*** Opening of Extracted data ***
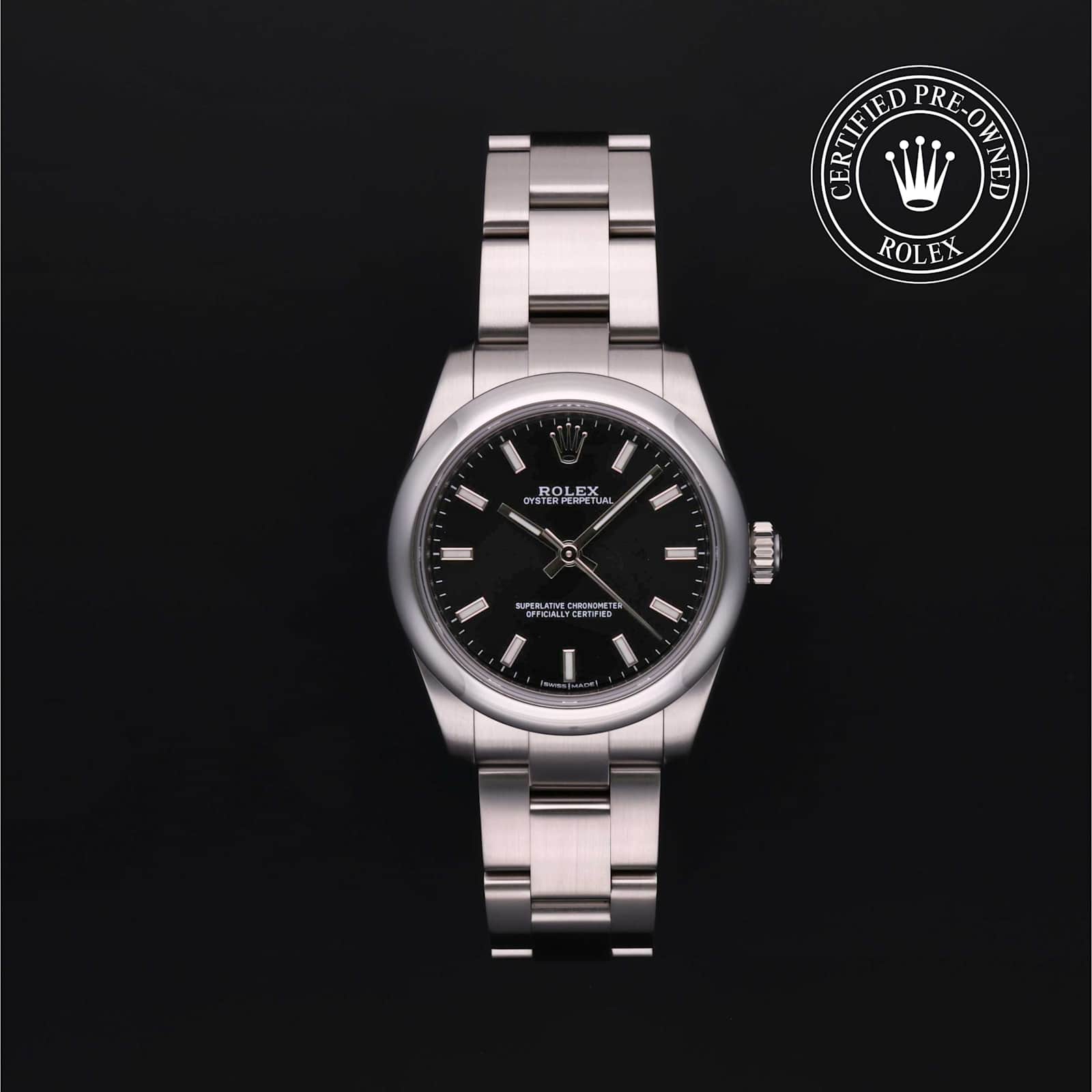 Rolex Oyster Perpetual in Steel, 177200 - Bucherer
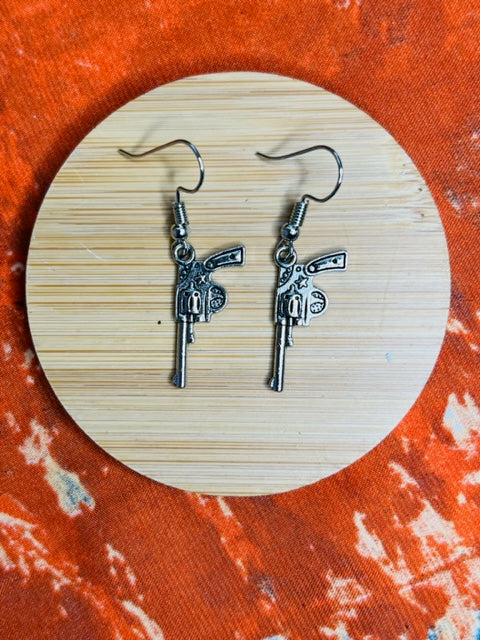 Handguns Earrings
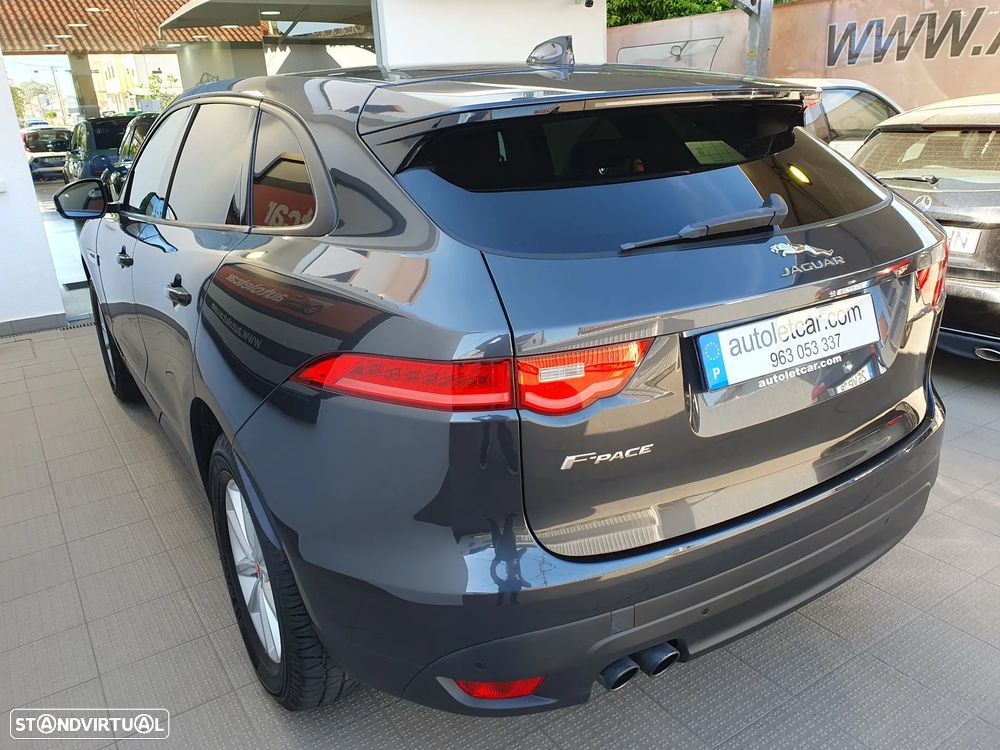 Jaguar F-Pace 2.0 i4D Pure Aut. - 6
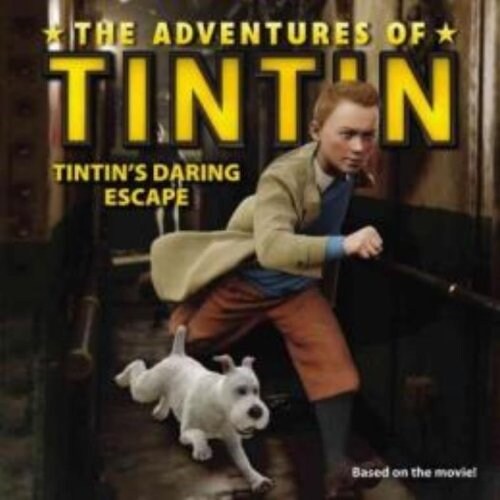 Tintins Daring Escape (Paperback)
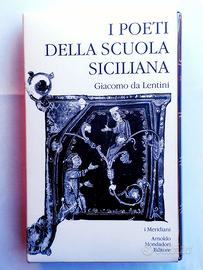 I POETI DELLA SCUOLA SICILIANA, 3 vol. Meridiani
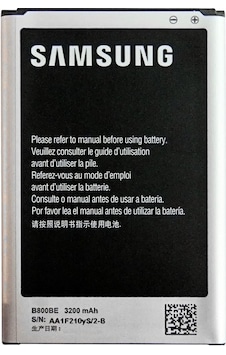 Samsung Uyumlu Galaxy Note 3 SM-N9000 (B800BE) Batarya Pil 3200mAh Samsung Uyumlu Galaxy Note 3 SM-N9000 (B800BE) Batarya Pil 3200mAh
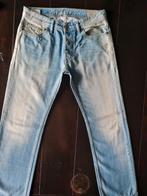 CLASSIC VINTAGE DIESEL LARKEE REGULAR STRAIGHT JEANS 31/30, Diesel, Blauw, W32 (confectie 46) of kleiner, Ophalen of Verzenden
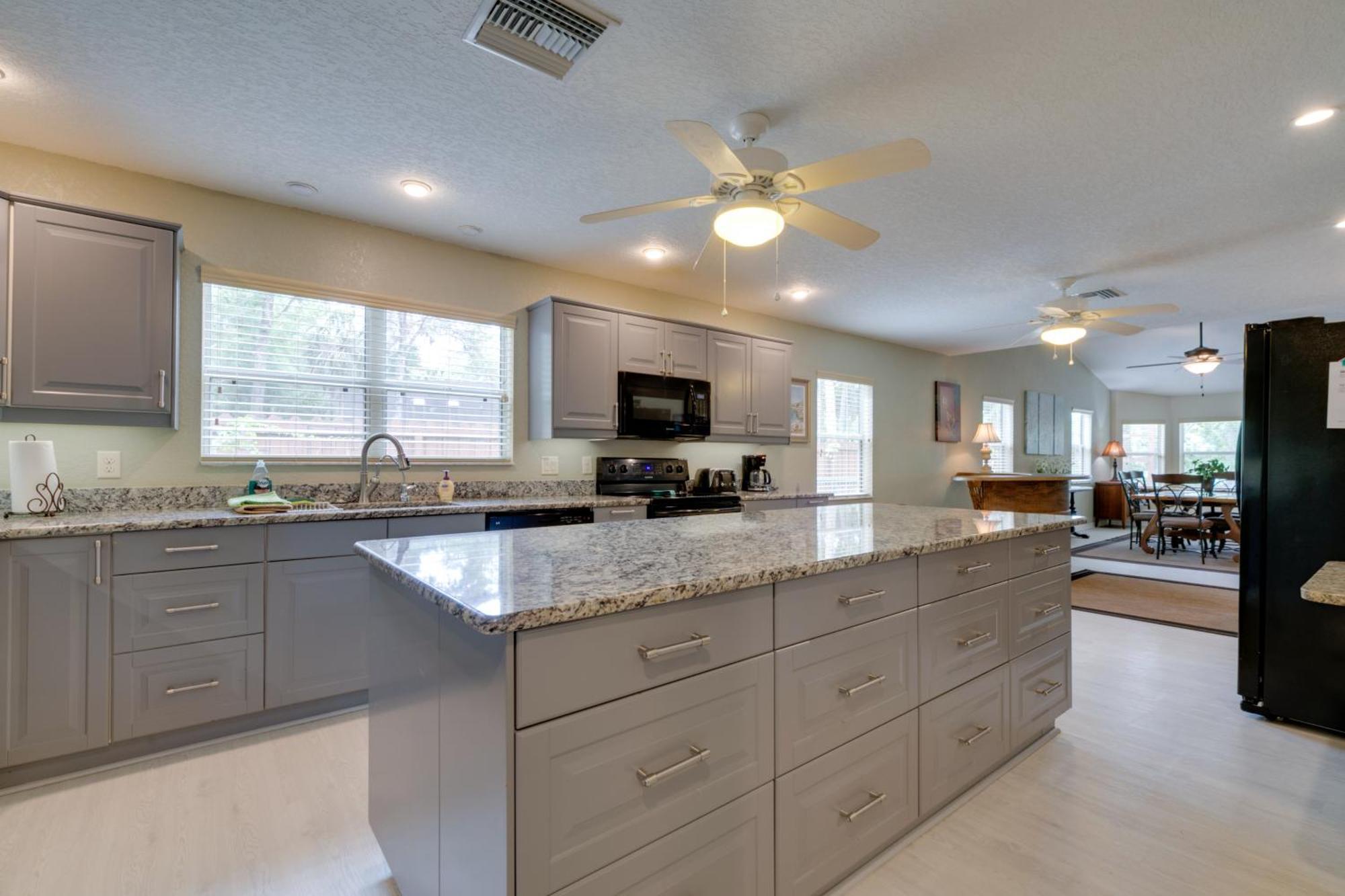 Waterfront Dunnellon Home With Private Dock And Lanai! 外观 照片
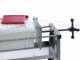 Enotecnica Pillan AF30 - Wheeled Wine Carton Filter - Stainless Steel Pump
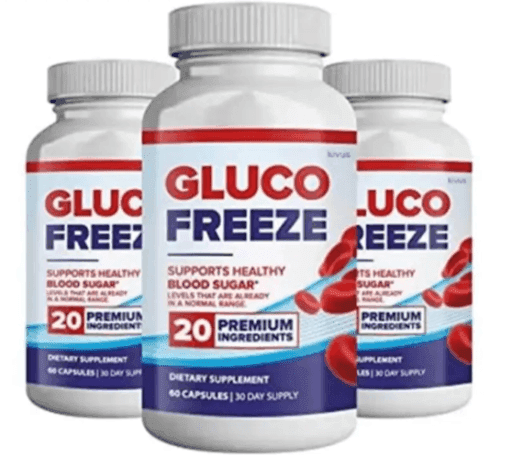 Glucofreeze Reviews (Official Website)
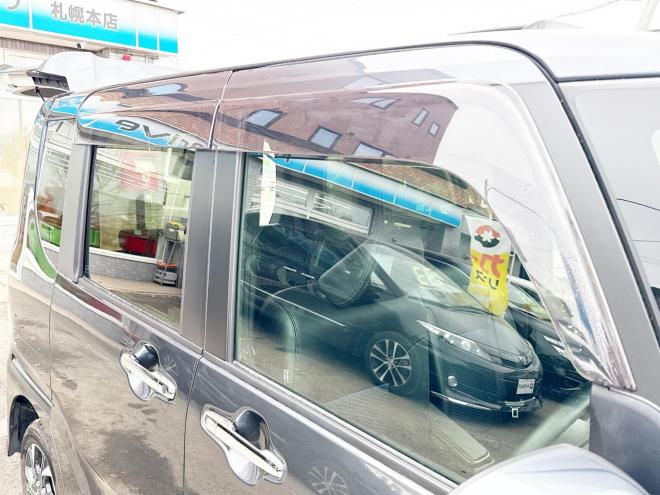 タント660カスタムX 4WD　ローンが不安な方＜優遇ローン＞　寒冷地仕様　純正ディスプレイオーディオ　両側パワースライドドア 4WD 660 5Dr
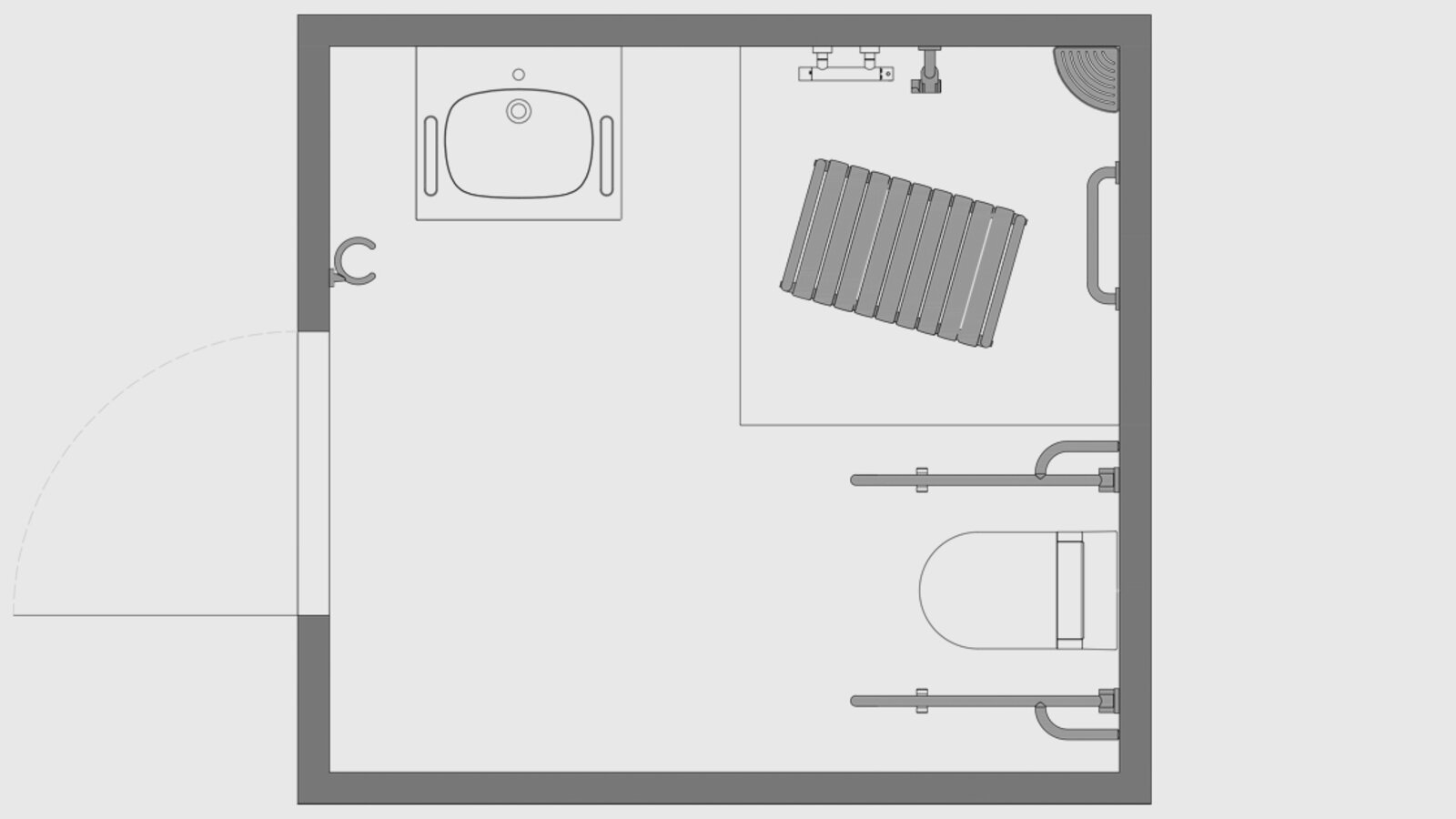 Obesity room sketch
*** Close of Extracted data ***
Except for the pictures, copy every line of the records above exactly.

=== Finished exercise ===
 Rolex Oyster Perpetual in Steel, 177200 - Bucherer
 Handguns Earrings
 Jaguar F-Pace 2.0 i4D Pure Aut. - 6
 Tintins Daring Escape (Paperback)
 I POETI DELLA SCUOLA SICILIANA, 3 vol. Meridiani
 Samsung Uyumlu Galaxy Note 3 SM-N9000 (B800BE) Batarya Pil 3200mAh Samsung Uyumlu Galaxy Note 3 SM-N9000 (B800BE) Batarya Pil 3200mAh
 CLASSIC VINTAGE DIESEL LARKEE REGULAR STRAIGHT JEANS 31/30, Diesel, Blauw, W32 (confectie 46) of kleiner, Ophalen of Verzenden
 Waterfront Dunnellon Home With Private Dock And Lanai! 外观 照片
 Enotecnica Pillan AF30 - Wheeled Wine Carton Filter - Stainless Steel Pump
 Glucofreeze Reviews (Official Website)
 タント660カスタムX 4WD　ローンが不安な方＜優遇ローン＞　寒冷地仕様　純正ディスプレイオーディオ　両側パワースライドドア 4WD 660 5Dr
 Obesity room sketch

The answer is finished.